Pour M. Ghosn, la crise actuelle est d'abord une crise financière. "L'industrie automobile est très consommatrice de crédit. Deux voitures sur trois sont financées à crédit. Si les marchés financiers restent dans l'état où ils sont, vous allez voir les constructeurs tomber les uns après les autres", a-t-il prévenu. Dans un contexte de renchérissement du coût du crédit, les constructeurs ont du mal à trouver des financements à des taux convenables. "Les taux d'intérêt ont baissé, mais on n'en voit pas la couleur", souligne M. Ghosn. Le groupe allemand Daimler a dit récemment qu'il avait l'intention de lever 1 milliard d'euros d'obligations à un taux supérieur à 9 %. Beaucoup trop cher pour M. Ghosn.
L'une des solutions pour l'industrie est de se tourner vers les Etats. Volkswagen a d'ores et déjà demandé l'aide de Berlin pour ses activités financières et bancaires. Le groupe allemand a précisé qu'il s'agissait d'obtenir des garanties publiques et non une recapitalisation.

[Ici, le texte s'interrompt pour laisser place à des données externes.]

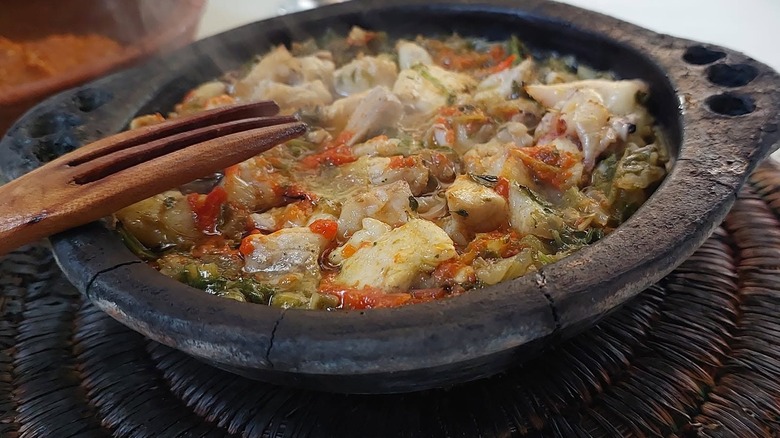 Moroccan fish tagine with a wooden fork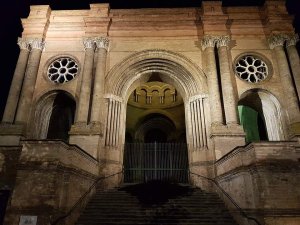 Illuminated arch inside Saint-Aubin church at night in Toulouse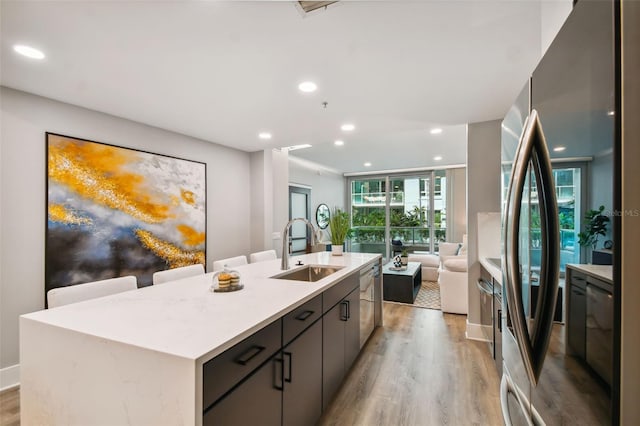 kitchen with sink, dishwasher, a center island with sink, and light wood-type flooring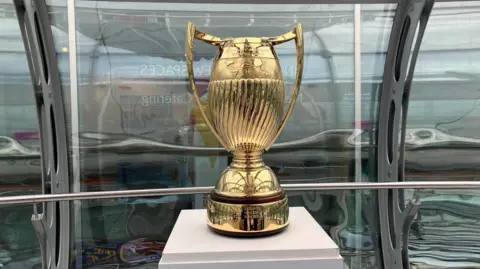 Sam Dixon-French/BBC The Women's Rugby World Cup trophy - gold coloured with two large handles and ornate carvings. It is standing on a plinth in front of curved glass windows.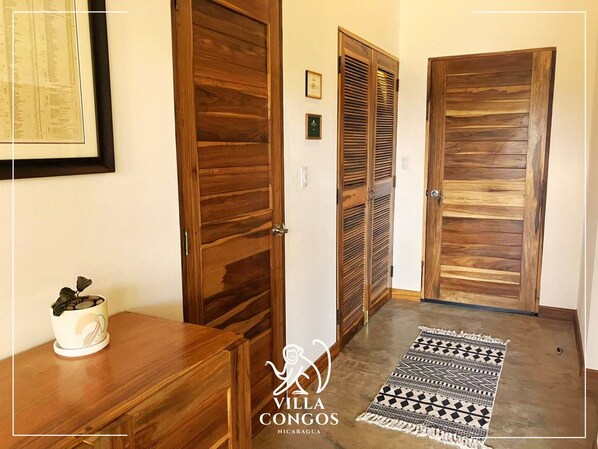 Un couloir avec des portes en bois, un certificat encadré accroché au mur et un tapis à motifs sur le sol.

"Ce que nous demandons à l'Etat, c'est un financement à des termes raisonnables, c'est-à-dire deux ou trois ans, et à des taux raisonnables, de 4 % à 5 %", indique M. Ghosn. Manifestement, l'industrie automobile française a été entendue. Le président de la République, Nicolas Sarkozy l'a dit à plusieurs reprises. Il n'est pas question de laisser tomber une industrie qui emploie un Français sur dix. "L'Etat a compris la gravité de notre situation et nous avons le sentiment qu'il va agir", affirme M. Ghosn qui espère des annonces dans les toutes prochaines semaines.
Dès le 1er janvier 2009, le patron de Renault-Nissan prendra sa casquette de président de l'Association des constructeurs automobiles européens (ACEA), "pour obtenir l'aide de 40 milliards d'euros demandée par l'ensemble des constructeurs européens". Le soutien financier de la France pourrait s'inscrire dans cette enveloppe globale. Il devrait être aussi assorti de conditions. "Si l'Etat nous aide, il est normal de s'engager à ne pas fermer d'usines. Je m'y suis engagé", affirme M. Ghosn.

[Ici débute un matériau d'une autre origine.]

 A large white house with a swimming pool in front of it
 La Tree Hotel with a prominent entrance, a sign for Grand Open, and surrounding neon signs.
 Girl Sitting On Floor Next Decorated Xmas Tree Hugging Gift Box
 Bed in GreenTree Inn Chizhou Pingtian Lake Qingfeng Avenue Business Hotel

En attendant ces financements, les constructeurs doivent prendre des décisions stratégiques. "En période de crise, il faut gérer ses liquidités, explique M. Ghosn. Cela passe par une réduction des investissements, des stocks mais aussi des cessions d'actifs et une plus grande vigilance vis-à-vis des créanciers." Le numéro un mondial, Toyota, envisagerait ainsi de réduire de 30 % à 40 % ses investissements pour passer la crise.

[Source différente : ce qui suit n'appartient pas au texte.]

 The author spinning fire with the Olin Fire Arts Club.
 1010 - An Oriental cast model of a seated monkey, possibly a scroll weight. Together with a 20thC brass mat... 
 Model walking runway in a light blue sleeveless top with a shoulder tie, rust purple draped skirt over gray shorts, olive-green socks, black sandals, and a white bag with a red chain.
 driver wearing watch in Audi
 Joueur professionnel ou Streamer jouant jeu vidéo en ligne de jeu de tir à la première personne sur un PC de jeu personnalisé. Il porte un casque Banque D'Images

NE PAS "HYPOTHÉQUER L'AVENIR"
Renault, de son côté, a déjà abandonné certains projets, comme par exemple la remplaçante de l'Espace, pour préserver ses liquidités. Mais si l'obsession de M. Ghosn est de dégager des flux de trésorerie positifs en 2009 - ils devraient être négatifs en 2008 -, il juge dangereux "d'hypothéquer l'avenir" en arrêtant d'investir juste pour obtenir " une bouffée d'oxygène". Le constructeur continue donc de travailler à son projet de véhicule électrique. Pour M. Ghosn, cette crise est "bien pire" que celle de 1993, "pendant laquelle les marchés financiers avaient continué à fonctionner normalement malgré la récession. Nous n'avons pas encore touché le fond, et personne n'en voit la sortie."
Les "Big Three" (General Motors, Ford et Chrysler), en première ligne aujourd'hui, ne seront pas les seuls touchés. Du fait de l'appréciation du yen face au dollar et de l'effondrement des ventes de véhicules aux Etats-Unis, les constructeurs japonais, qui y réalisent entre 60 % et 70 % de leurs bénéfices, vont souffrir. Les Européens ne seront pas non plus épargnés. "Tout est possible, même les scénarios les plus fous", admet M. Ghosn.